We are also aware that part of the problems of Magu is traced to inter-agency rivalry and his failure to subordinate himself to the supervision of Attorney General of the Federation and Minister of Justice, Abubakar Malami (SAN).


Also of note was the battles at the National Assembly that nearly derailed the government between 2015 and 2019.


Although, that is now in the past, but there is no doubt that the bickering within the government, dominated by the All Progressives Congress (APC) from the executive to the National Assembly, still lingers.


Not quite long ago, the APC itself was in tumoil. That rage consumed the National Chairman of the party, Adams Oshiomhole and all members of the National Working Committee (NWC) of the ruling party.


It also cost the APC Edo State, where Governor Godwin Obaseki left the party for the Peoples Democratic Party (PDP) after his disqualification by APC’s governorship aspirants’ screening committee.


Again, the Minister of State for Labour and Employment, Festus Keyamo (SAN), is currently at war with the National Assembly over the employment of 774,000 adhoc workers approved by the Federal Government.


At the same time, the Niger Delta Development Commission (NDDC) is also at daggers drawn with the National Assembly over the agency’s financial activities. All over the place, the problem is  the same.


Confusion reigns in the air in the government with everybody sounding as an Island of his own in a government controlled by one political party. We are aware that robust engagements are part of the ingredients of a healthy democracy.

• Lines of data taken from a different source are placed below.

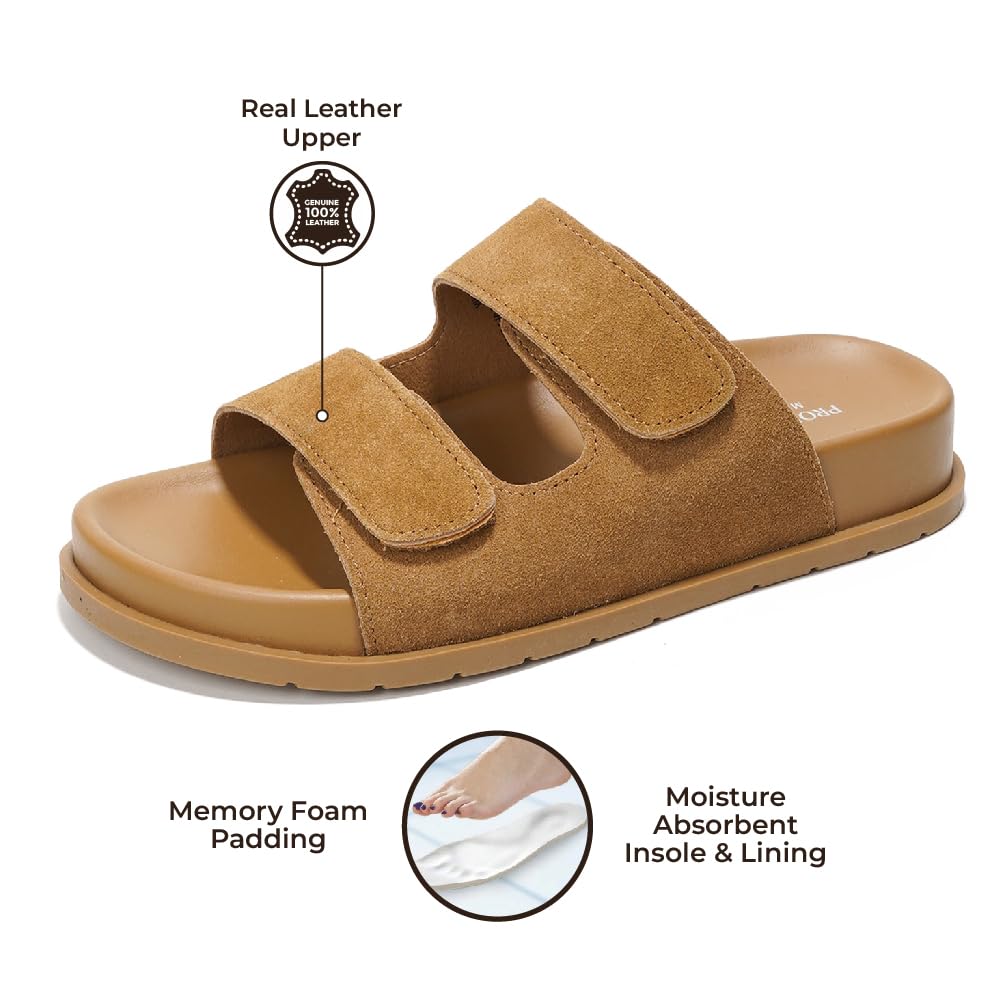 Women's Fashion Platform Sandals  | Lightweight | Anti-Slip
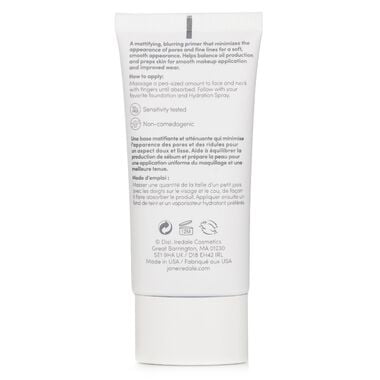 faces smooth affair mattifying face primer
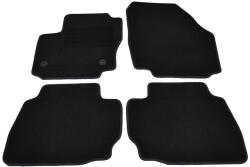 RapidAuto Covorase auto din mocheta pentru Ford Mondeo 2013-, negre, set 4 piese (840252BLACK)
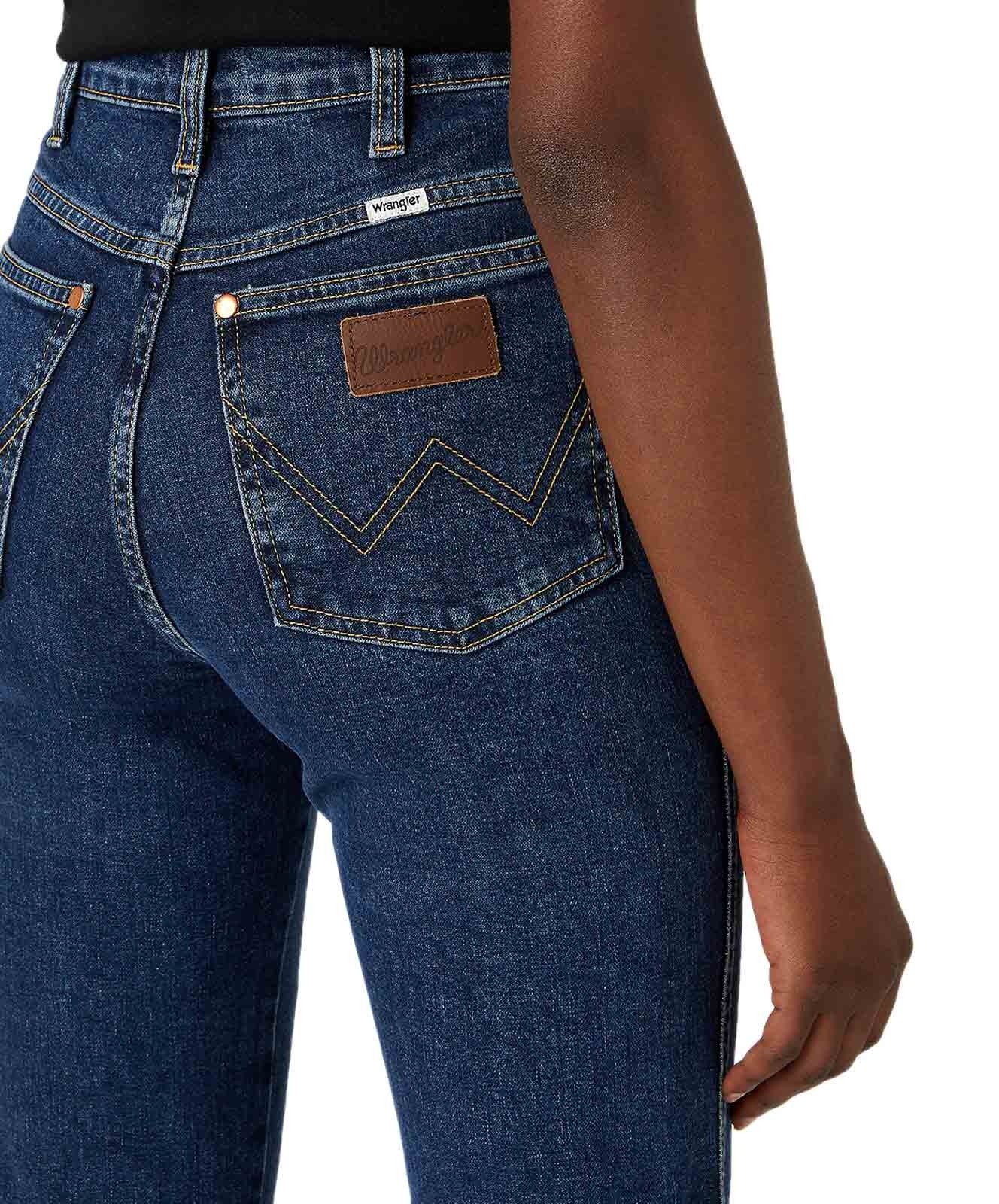 Damen Jeans Wild West von Wrangler in Canyon Lake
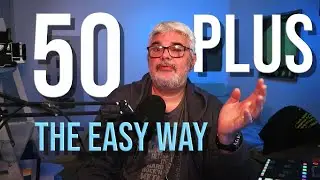 Over 50 Start a YouTube Channel Without Overthinking &ndash; Keep It Simple, Enjoy Life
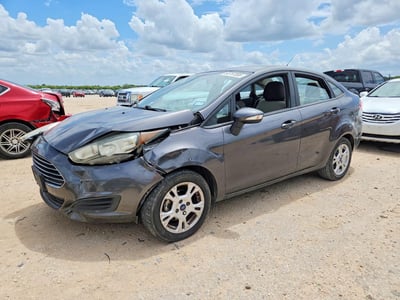 3FADP4BJ7FM****** 2015 Ford Fiesta
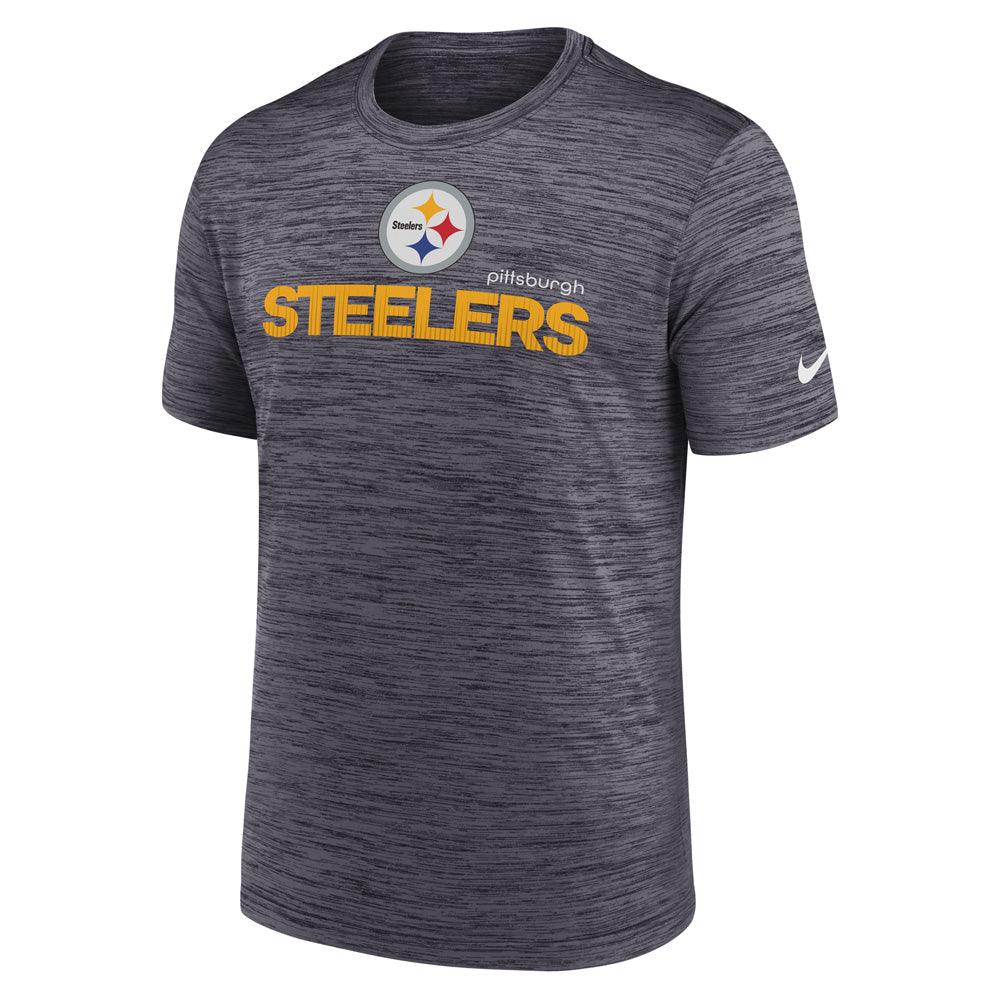 NFL Pittsburgh Steelers Nike 2024 Modern Velocity Tee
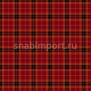 Ковровое покрытие Agnella Impulse Tartan-red Красный — купить в Москве в интернет-магазине Snabimport
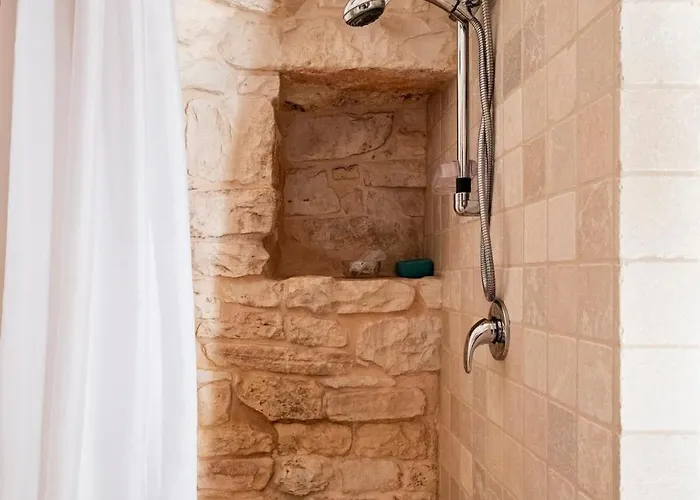 Panoramic Trullo Di Michele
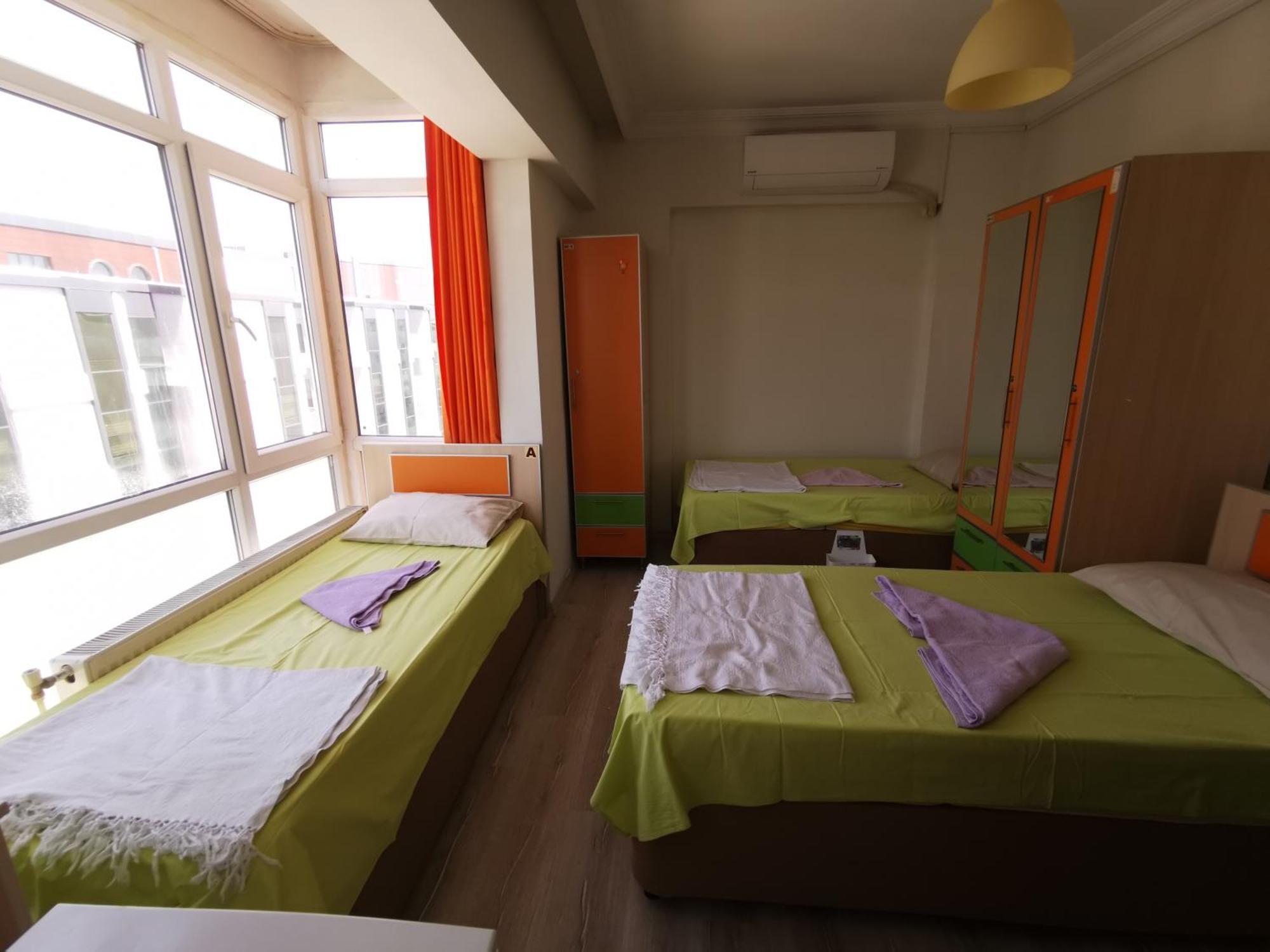 Canakkale Kampues Pansiyon Exteriér fotografie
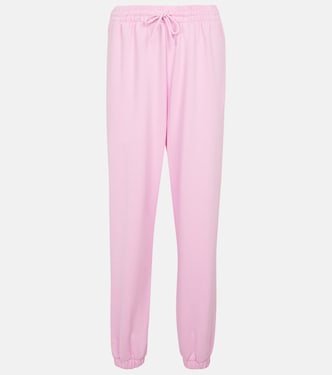 Jogginghose aus Baumwoll-Jersey | Wardrobe.NYC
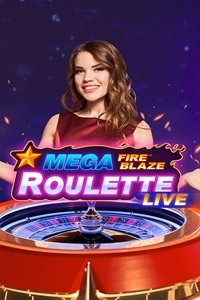Mega Fire Blaze Roulette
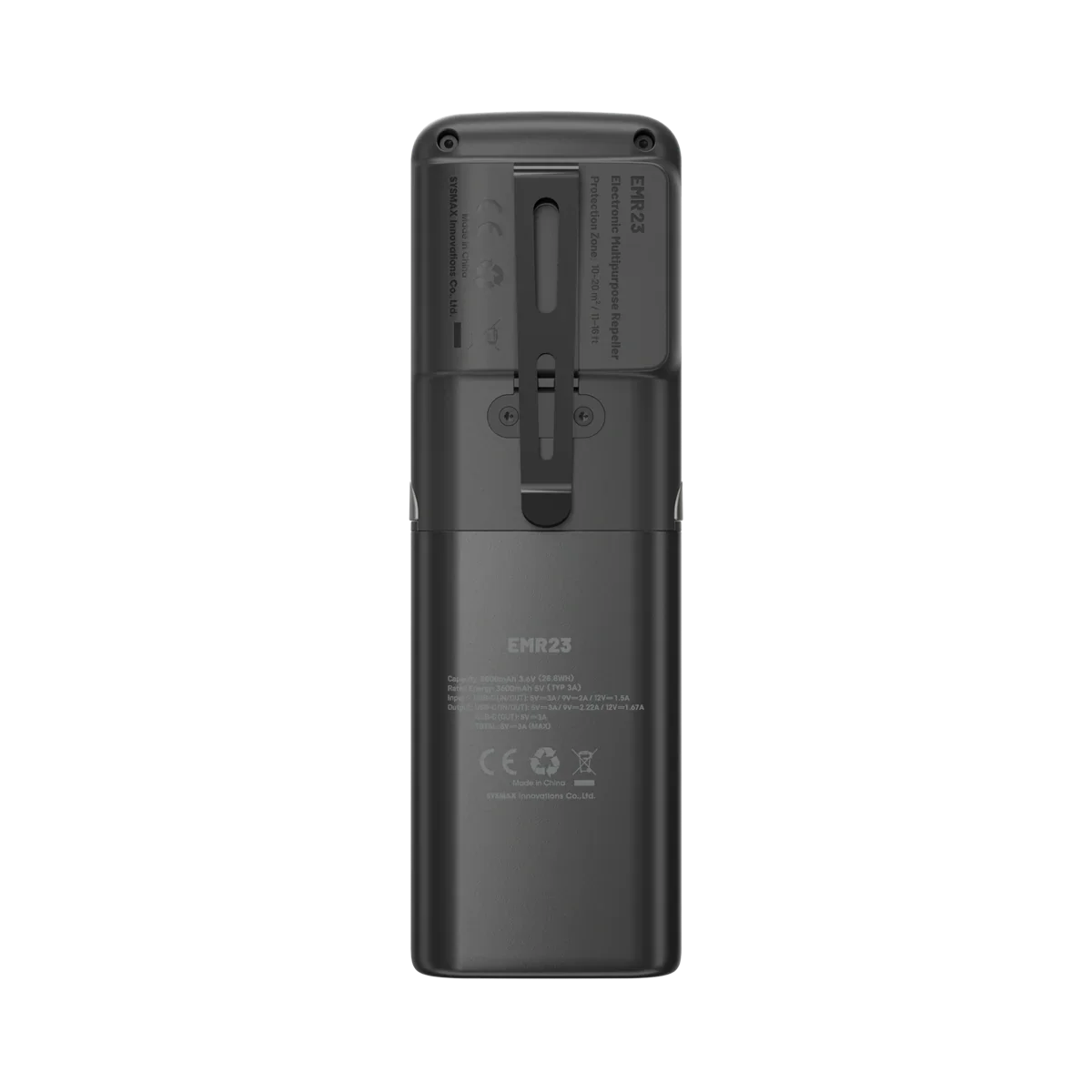EMR23 2-in-1 Electronic Mosquito Repellent - Image 24
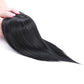 Synthetic Hair Topper with Bangs for Women Thin 9 Inch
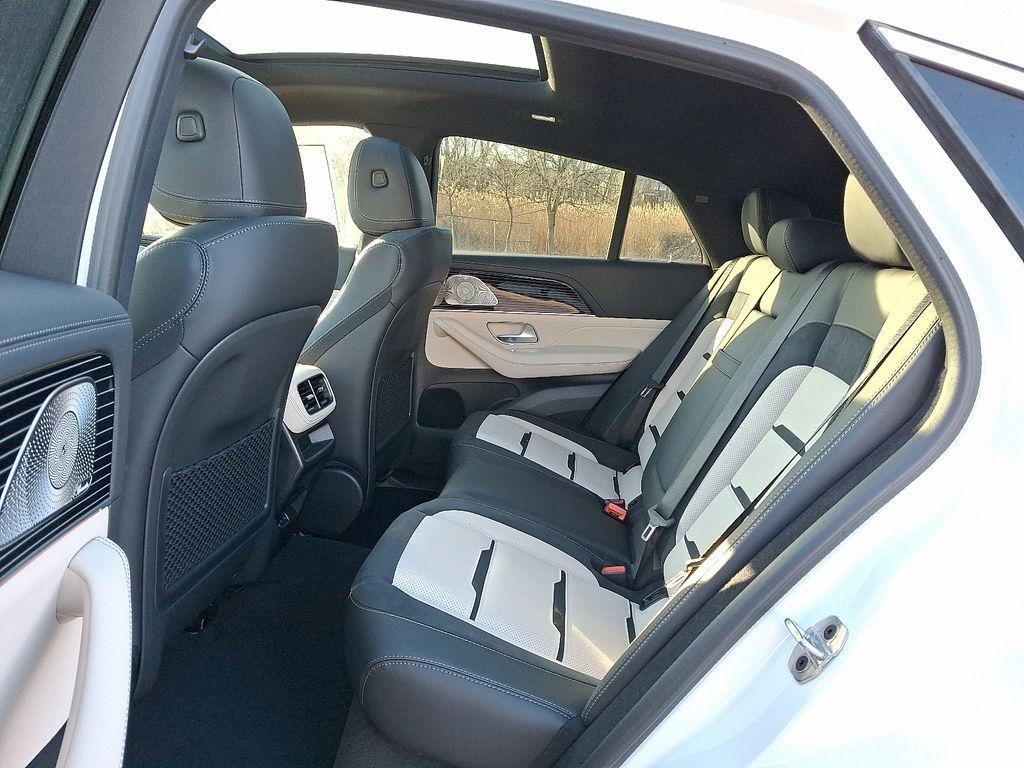 new 2026 Mercedes-Benz AMG GLE 53 car, priced at $92,768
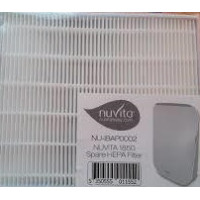 Nuvita HEPA фильтр NU-IBAP0002 к воздухоочистителю NV1850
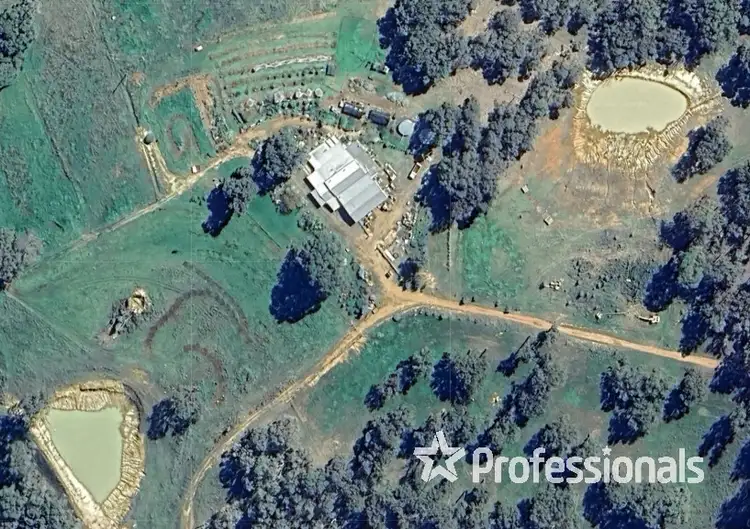Third view of Homely rural property listing, 1014 Charley Creek Road, Thomson Brook WA 6239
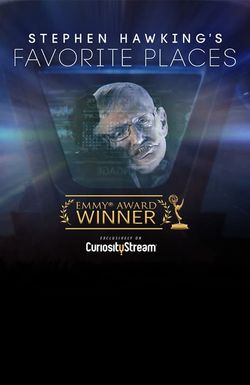 Stephen Hawking's Favorite Places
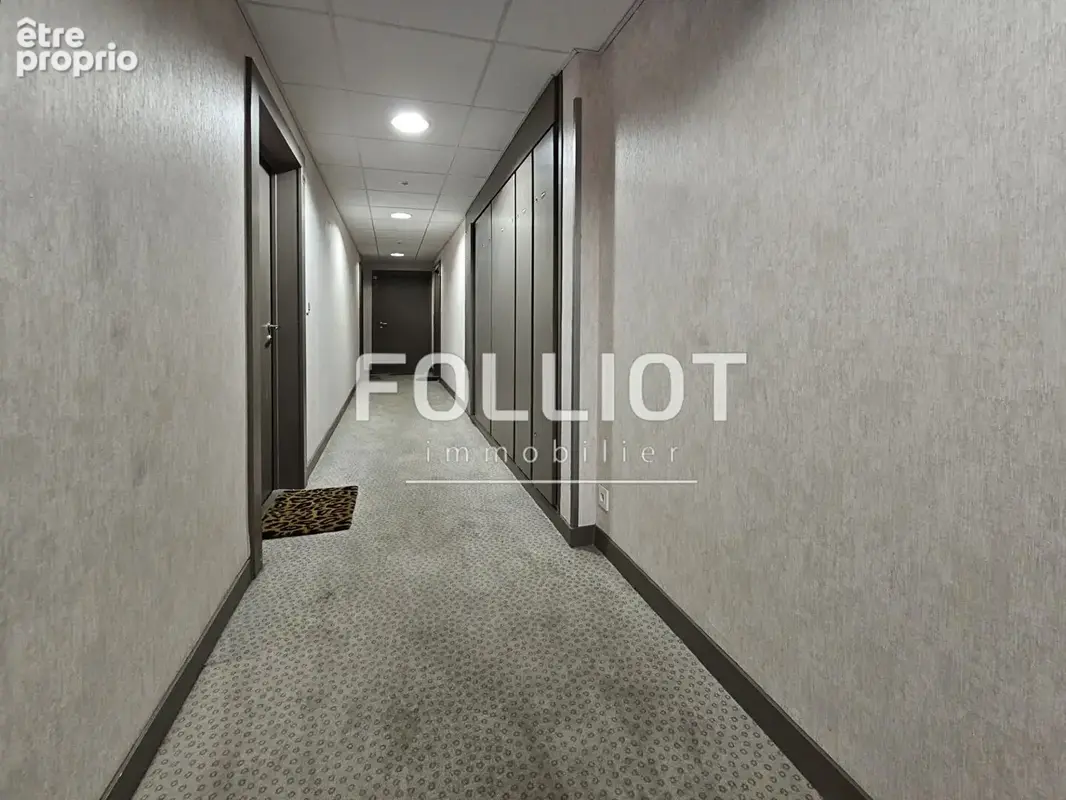 Appartement récent 2 pièces à Caen-balcon-cave-parking-Rue de Falaise - photo 14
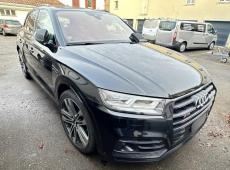 AUDI SQ5 TDI quattro ABT  , 383 PS
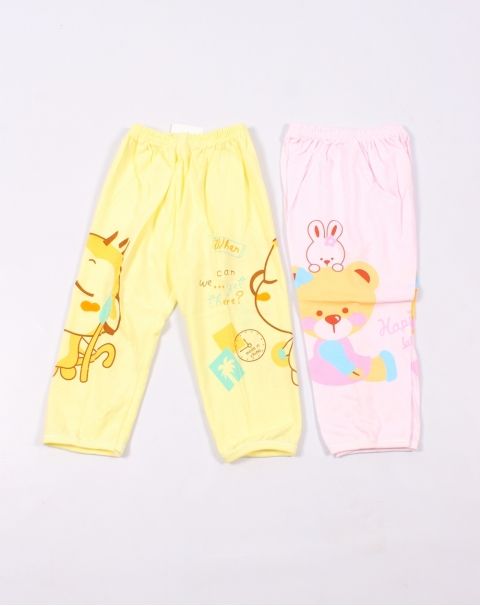 Soft Care Very light Cotton Trouser- For Toddlers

We had expected that the opposition PDP would engage in robust engagements with APC, the party in power. But, unfortunately, that has not been the case. Rather, there are multiple civil wars raging within the party and the cabinet members and even within the ministers.


There is open disobedience by government agencies to directives by their supervising ministries and ministers.


We find it difficult to believe that both the National Assembly and the executive are of the same party. More confounding is that the ministers and other agencies that are squabbling internally are people appointed by this same government. The quarrels have gone from the important to the not-so-important and even the useless and shameful.


Although we know that this is a presidential system of government, but that does not remove the fact that there is collective responsibility in government. The theory of Collective Responsibility is the convention that has been held in governance since the 18th century.


Although, it is often held as a convention for governments that run parliamentary system, it is nonetheless a principle that is practiced all over the world where government exists.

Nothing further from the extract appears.